Ship ordering has ground nearly to a halt just as European traffic demand, the key to the employment of the ultra-sized fleet, has turned up. The orderbook has dropped to beneath 20% of fleet capacity, compared to nearly 50% several years back.

According to Platou’s numbers, only three containerships were ordered in June, all below 3,000 teu.

Through the first half, 74 ships were ordered, including 33 vessels above 10,000 teu, accounting for more than two-thirds of the 620,000 teu capacity. The present pace is well below that of recent years. New orders amounted to 247 vessels of 1.97m teu in 2013, and 240 vessels of 1.9 million teu in 2012.

The results appear to have emerged from the rise and fall of the P3 Alliance, which aimed at suppressing competition by compressing all but one major carrier into one of three alliances.
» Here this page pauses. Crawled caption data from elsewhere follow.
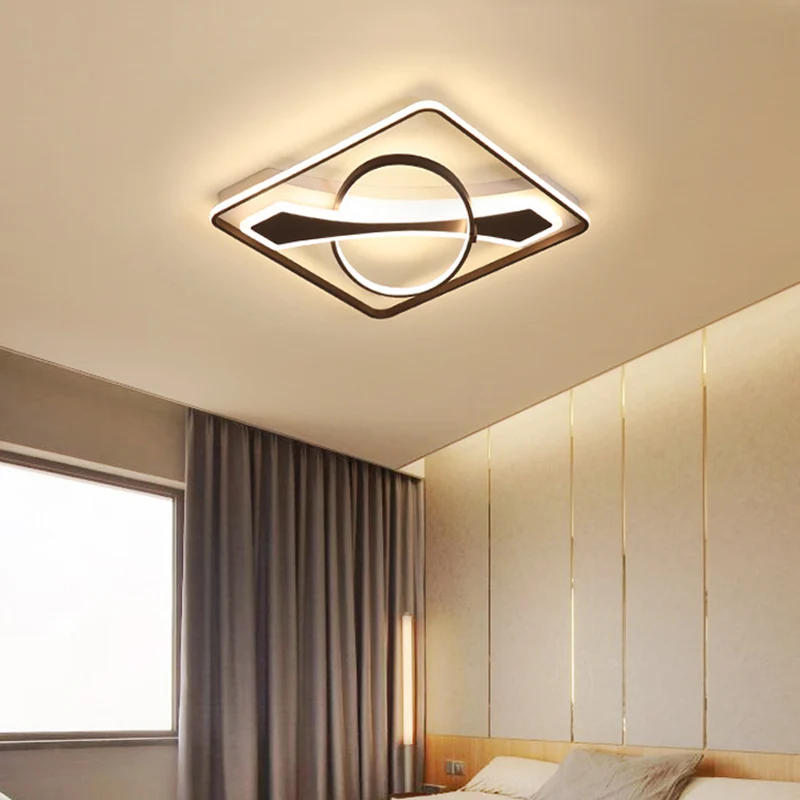 Vierkant/rechthoekig acryl plafondverlichting eigentijds 16"/23,5" W LED zwarte inbouwlamp warm/wit zacht
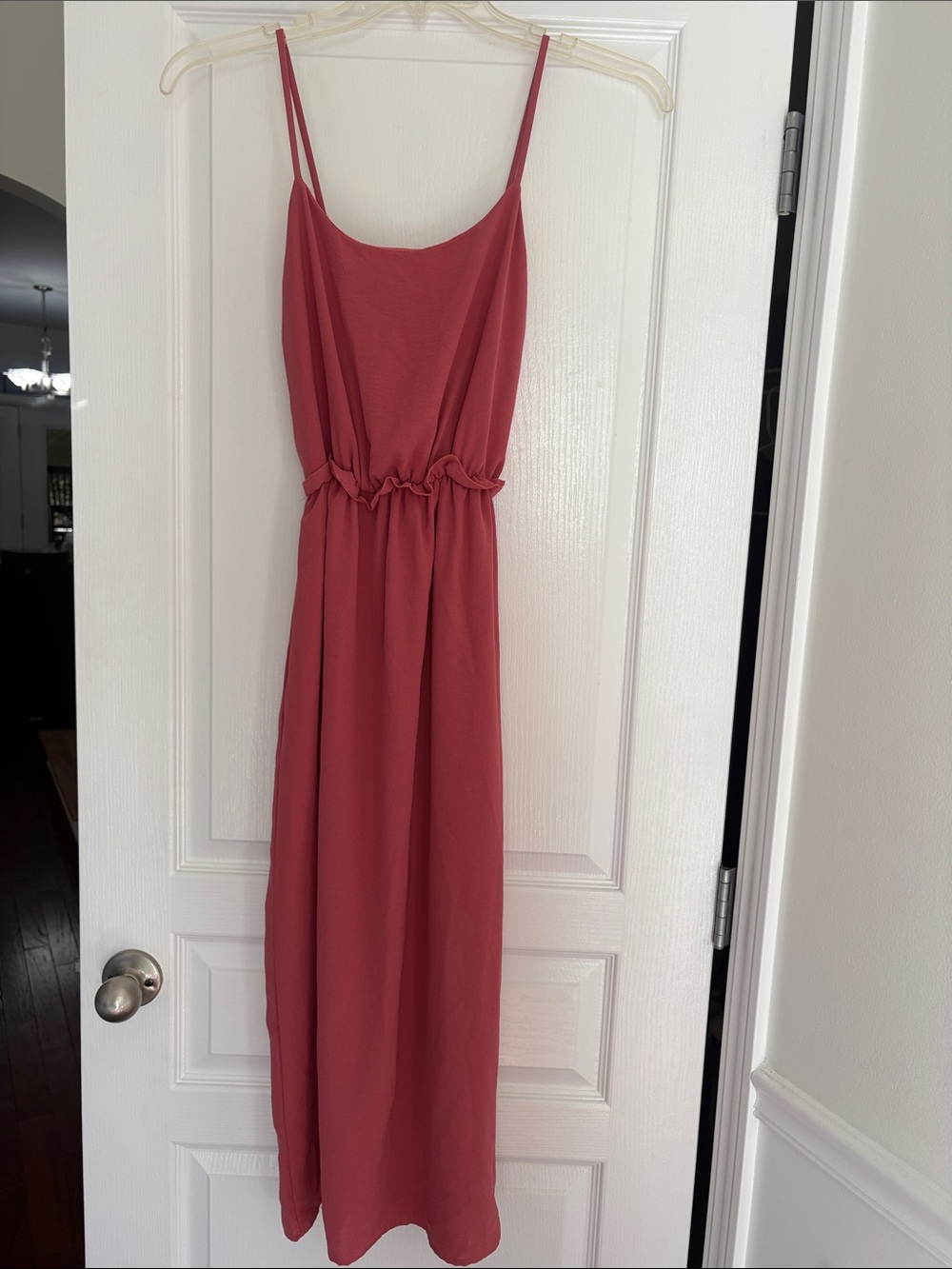 Everly Dusty Rose Midi Slip Dress with Gathered Waist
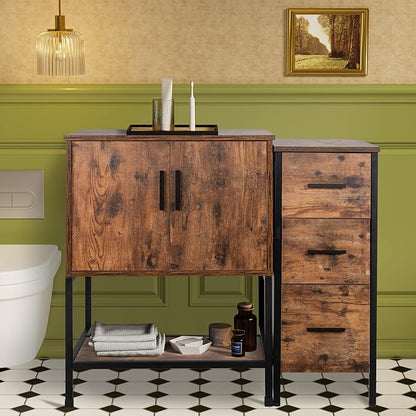 UEV 36" Antique Bathroom Vanity, Dark Brown Bathroom Vanity Set with 3 Drawers Side Cabinet Combo, Iron Wood Bathroom Cabinet for Bathroom (Without Sink)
P3 would have claimed nearly half the main line shipping capacity.

The expectation of three alliances led to a spate of orders for ultra-sized vessels, 13,000 to 18,000 teu, as carriers used easy credit, cheap money and knocked-down prices to claim a seat at the table. The price of joining an alliance in effect was a commitment to supply ultra-sized tonnage.

The ordering started to wane earlier in the year as the industry awaited a regulatory decision on the formation of the alliances. After a start of 25 ships in January, the ordering dwindled. The US and European authorities then went along with P3, but the Chinese denied it on the basis of anti-competition. After the rejection, near silence.

The present order book through June showed 451 vessels totaling 3.45m teu. As scheduled, 141 vessels of 890,000 teu would be delivered in the second half of 2014; 207 vessels of 1.76m teu in 2015; and 103 vessels of 800,000 teu in 2016.

Old habits die hard, so it is difficult to describe disciplined ordering as the new normal, and P3’s smaller replacement the 2M vessel sharing agreement is now on the cards, and just this week China Cosco said it was mulling ordering five 13,000 teu vessels. But the industry’s fragile financial condition may make it so.